Entry Keyboards: 音楽人口の裾野を広げるために

ポータサウンド「PS-1/PS-2/PS-3」のデビュー 音楽を屋外に持ち出す時代へ

  • エレクトーンD-1

エレクトーンD-1

ヤマハが第1号エレクトーン「D-1」を発売したのは1959年のこと。先行していた欧米メーカーに追いつけ、追い越せと開発されたオールトランジスタ化の電子オルガンは、「electronic」と「tone」の造語である「エレクトーン」と命名され、1970年ごろには一般家庭にまで広く普及していきました。
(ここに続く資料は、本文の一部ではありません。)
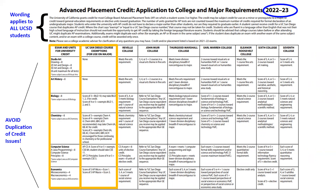This is important to know so that you avoid duplication of credit. What that means is if you already earned credit for a course, then you cannot take it here at UC San Diego — you can only earn credit for a course once. And lastly, you need to know the column John Muir College, which clarifies whether your exam and test score is applicable to your Muir GE requirements. Now let's go through some examples.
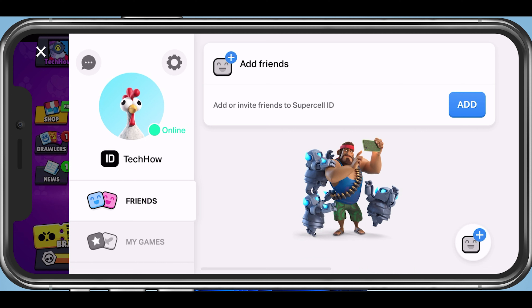In case you don't have a Supercell account, then you can see an option to create one. This is especially helpful to keep your game progress saved across all of your devices.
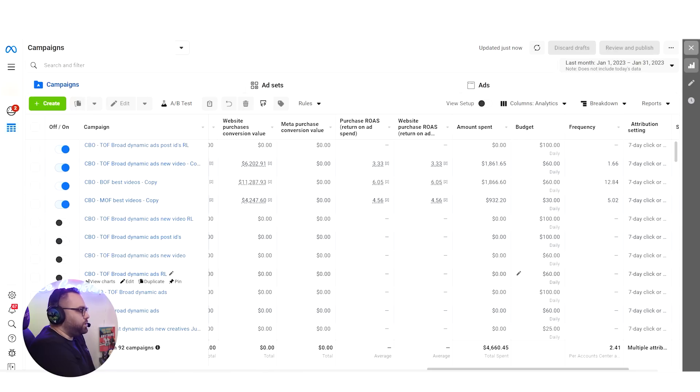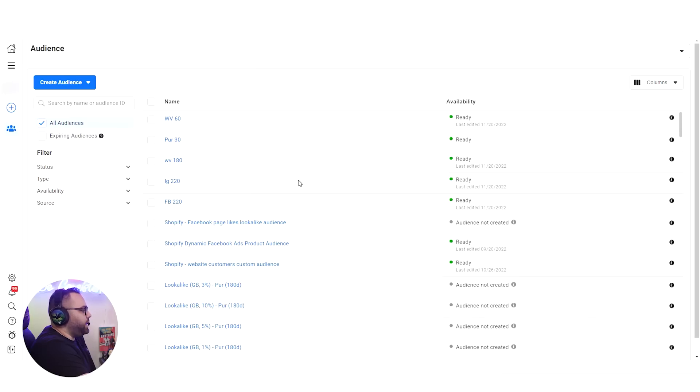How do we do bottom of funnel? We create an audience of all website visitors for the last 30 days and exclude people who purchased in the last 30 days. Another approach is view content 30 days plus add to cart 30 days as custom audiences, excluding purchasers. Middle of funnel — what we used to call long-term retargeting — has two approaches: one is using social engagers, another is targeting all funnel visitors for the last 180 days. Some people worry about overlapping audiences with bottom of funnel, but honestly it doesn't make such a big difference, especially on bigger accounts.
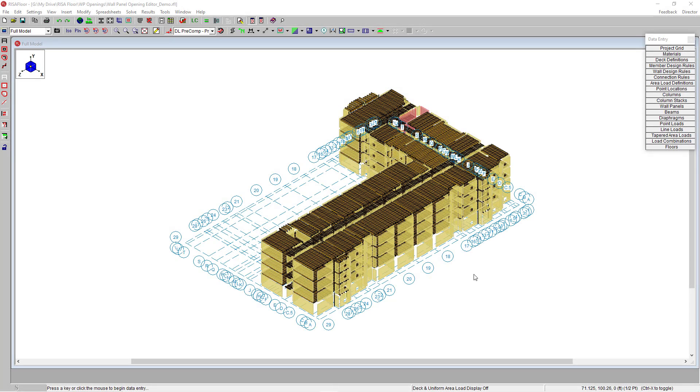Risa Floor utilizes a comprehensive set of modeling tools for the simple creation of multi-story buildings. In this video we'll take a look at the new editing features for the wall panel opening editor.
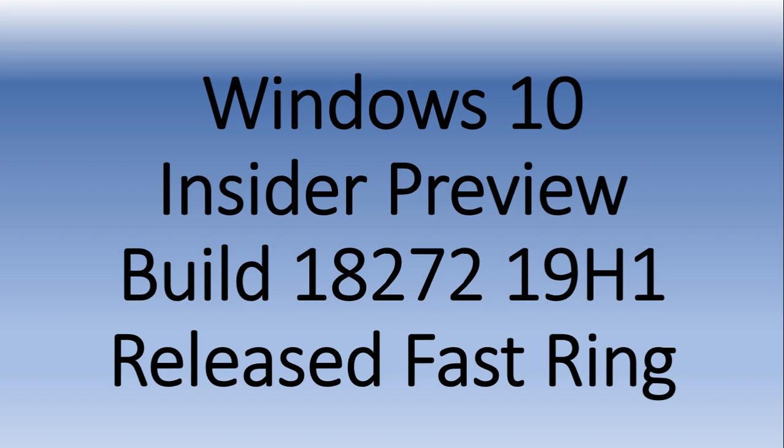Tomorrow I'll have the Insider Preview build 18272 review, so check it out. We'll see what's good, what's bad, and everything in between. Hope you enjoy the latest Insider Preview for fast ring.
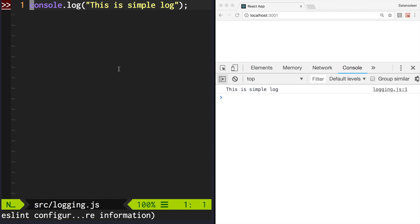Console.log is probably the most popular way to output information to the console in JavaScript, but there are other methods that are useful to know.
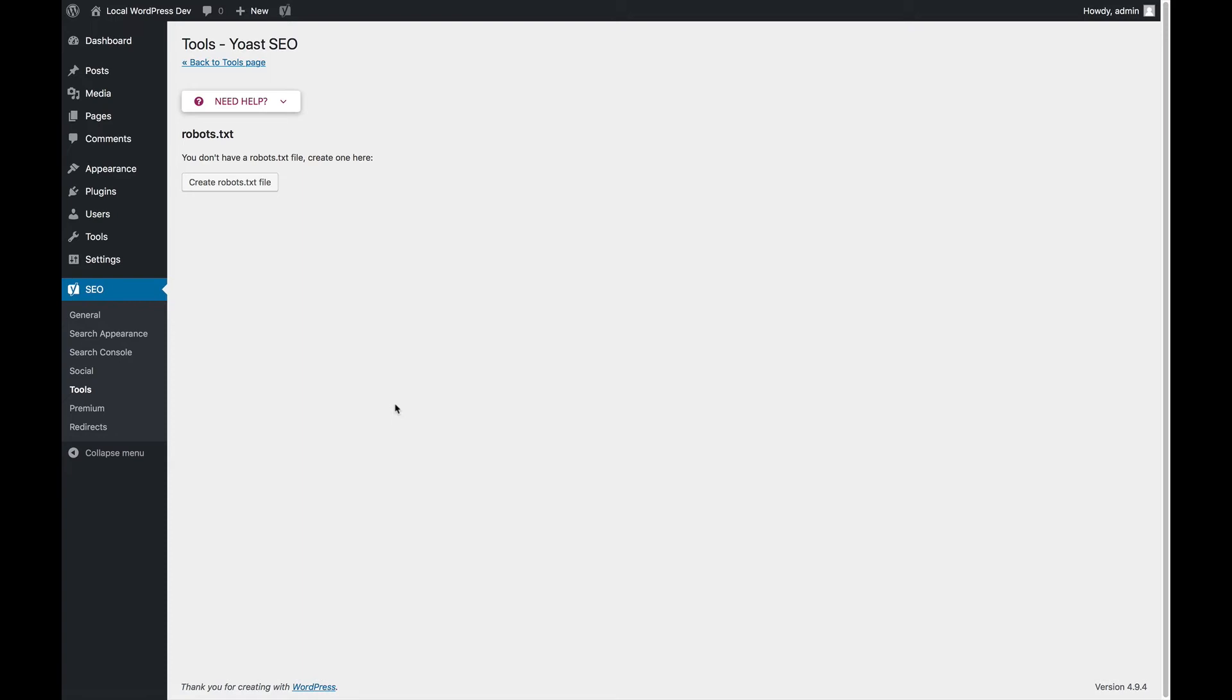In my case, I'm running on an Nginx server, so I don't have the htaccess file editor that you can also find here, I just have the robots.txt editor.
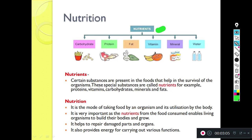Nutrition means it is the mode of taking food. Mode means having a particular type or style - how an organism is taking food and its utilization by the body. Utilization means how the body is going to use that particular nutrient or food. Nutrients from the food consumed enable living organisms to build their bodies and grow.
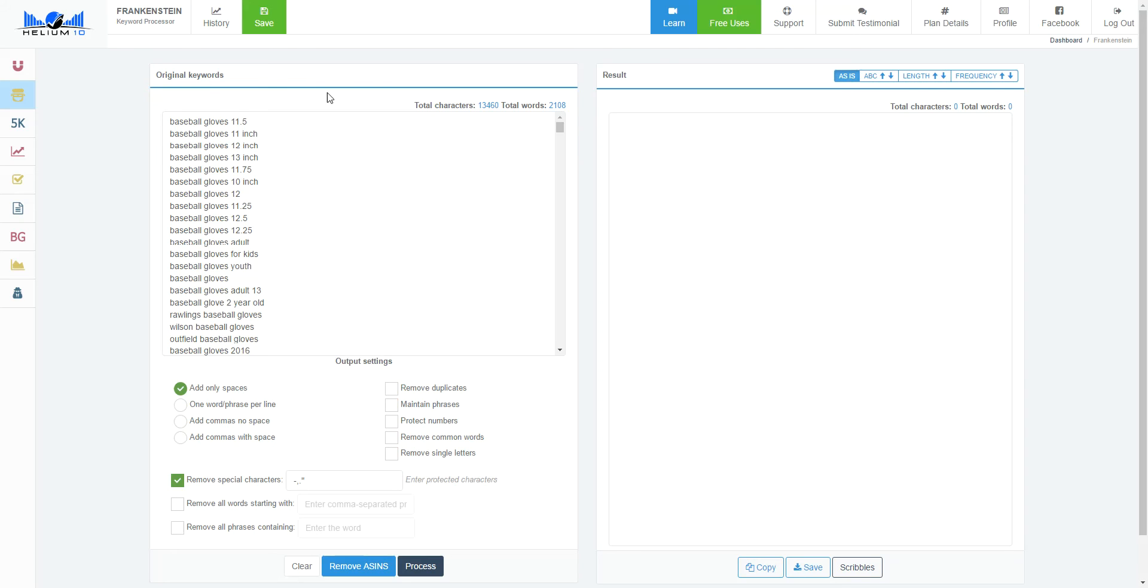Hey everybody, I want to talk to you about Frankenstein, our keyword processor tool. In case you're wondering why we called it Frankenstein, that is because Frankenstein is a creature made up of a bunch of different parts, right? And he became better once all those parts were animated and put together.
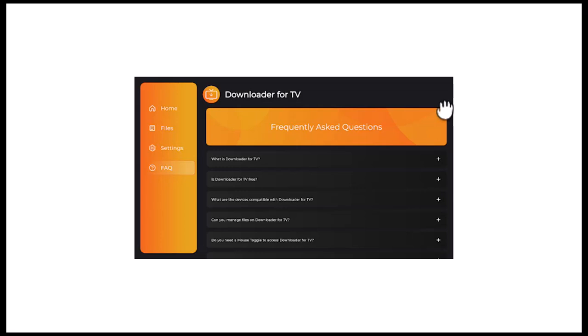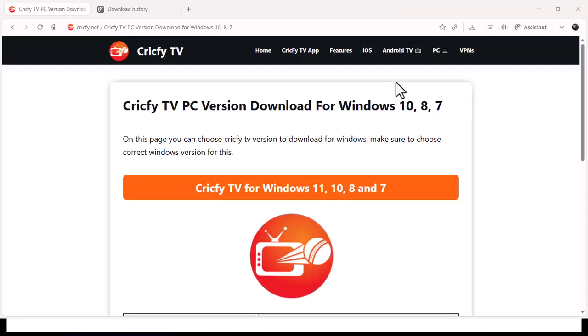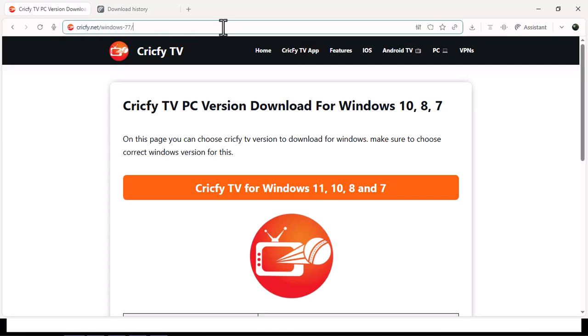Step 3: Open downloader and in the URL bar, type Cricfy TV official APK download 2025. Make sure to use a trusted and verified source. I will leave you a link for the official Cricfy TV website in the comments.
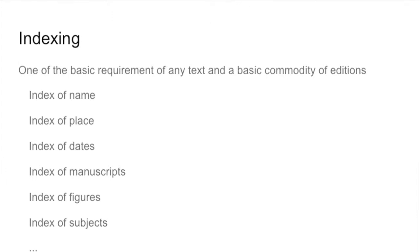To do that we need to talk about how indexing is done and what indexing is. Indexing is the basic commodity of all editions, and you may want to have an index of names, of places, of dates, of chapters, of figures, of manuscripts, and so on.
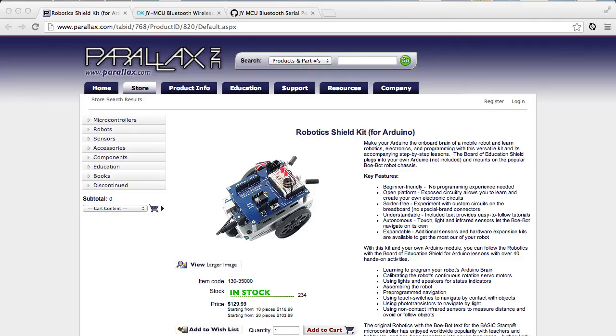So I picked up the Board of Education bot from Parallax here. I actually bought mine from SparkFun.com, but you can get it from Parallax directly or from a number of other places.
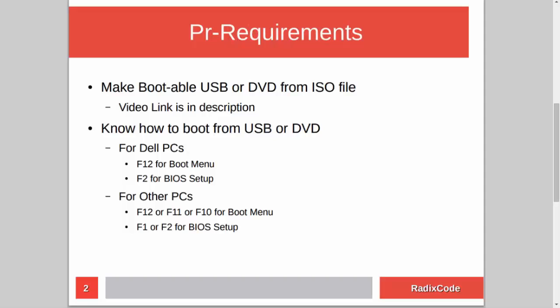For this, you have to know how to make a bootable USB or DVD from an ISO file. I already made a tutorial on this topic, so if you don't know how to do this, please check out my video. I will add a link to that video in the description.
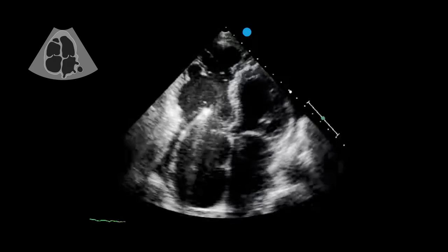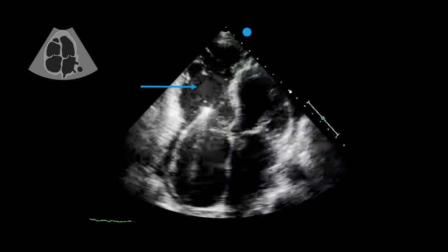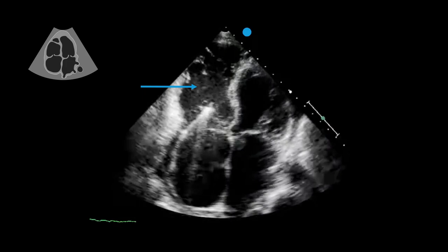In comparison to that healthy pumping ventricle we just saw, this is an extreme case of ventricular dysfunction. If we focus on the right ventricle in the apical four-chamber view, it looks and moves very differently from the previous one. Let's take a look at this ventricle in a little more detail using a step-by-step approach.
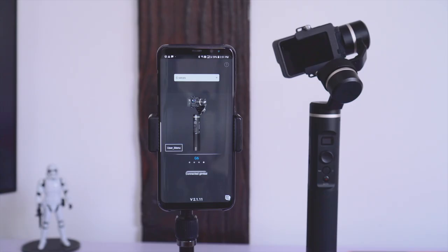I won't be going into too much detail as to how to shoot timelapse with your GoPro. In the upper right corner I put a link to my timelapse tutorial — please check that out for more detailed information.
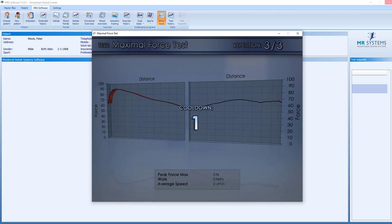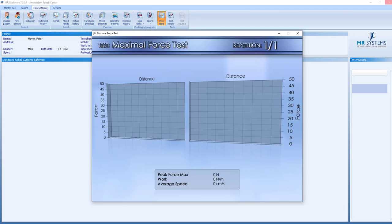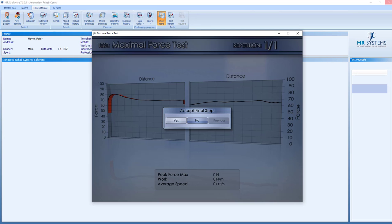We get the cooldown and we set the weight. In this example, we select the same weight. We ask our patient again to do the maximal speed, maximal performance up, slowly down. And we accept also this test.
ちょうどそのころ、ヤマハの重役と技術者との間でこんな雑談が交わされていました。

「バイオリンやギターのように手軽に持ち運ぶことができて、いつでもどこでも弾きたいときに弾ける小型鍵盤楽器はできないだろうか」

さっそく取りかかったものの、当時の技術で出来上がったのは持ち歩きとはほど遠い、ずっしりと重い試作機。画期的に思われたアイデアは、やむなく頓挫することになりました。

それから8年後の1978年、技術者たちは再び持ち運べる小型鍵盤楽器の開発に挑むことになります。半導体技術の躍進によってエレクトーンはLSI(大規模集積回路)化され、小さなボディに多彩な機能を搭載することが可能になっていました。今なら成功できるに違いない──。開発にあたっては、「音楽人口の裾野を拡大させる」という明確な目標が掲げられました。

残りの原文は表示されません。